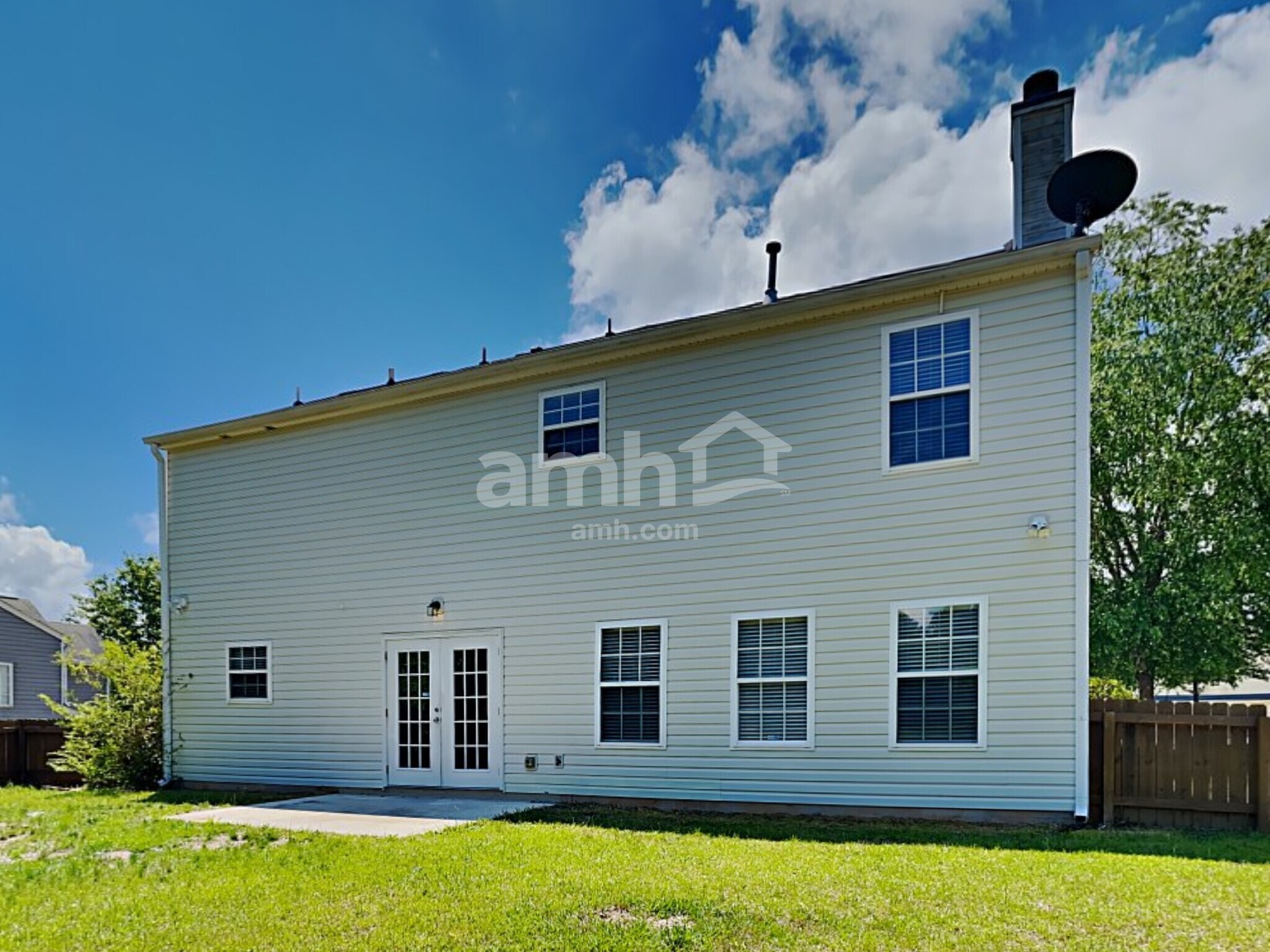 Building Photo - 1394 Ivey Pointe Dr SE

* * *

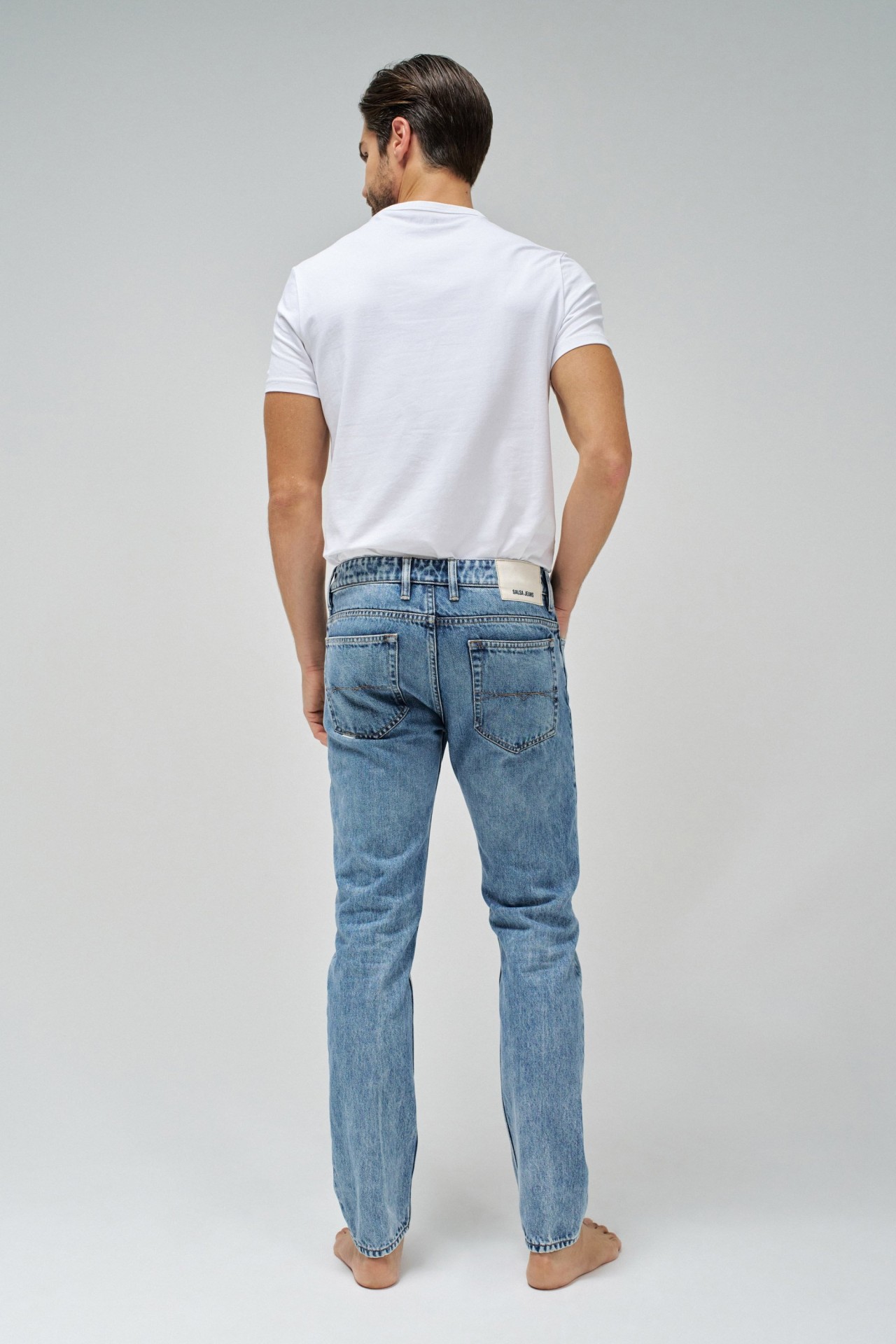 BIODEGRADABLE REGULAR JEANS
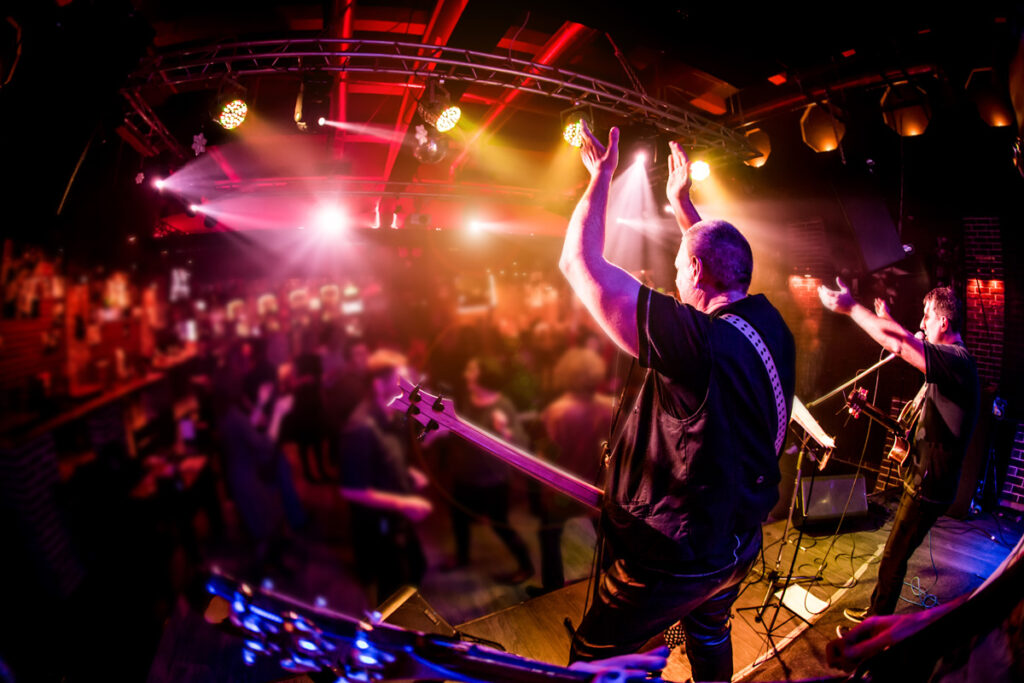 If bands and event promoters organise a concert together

---

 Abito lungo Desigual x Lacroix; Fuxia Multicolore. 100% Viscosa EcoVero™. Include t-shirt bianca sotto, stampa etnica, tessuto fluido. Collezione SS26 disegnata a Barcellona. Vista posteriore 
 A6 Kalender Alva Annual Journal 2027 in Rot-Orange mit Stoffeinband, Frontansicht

**TASK OBJECTIVE:**
Set down, exactly as they appear above, all lines from the one that has "Abito lungo Desigual" down to the one that has "A6 Kalender Alva", including those two and no others.

**TASK OUTPUT:**
 Abito lungo Desigual x Lacroix; Fuxia Multicolore. 100% Viscosa EcoVero™. Include t-shirt bianca sotto, stampa etnica, tessuto fluido. Collezione SS26 disegnata a Barcellona. Vista posteriore 
 A6 Kalender Alva Annual Journal 2027 in Rot-Orange mit Stoffeinband, Frontansicht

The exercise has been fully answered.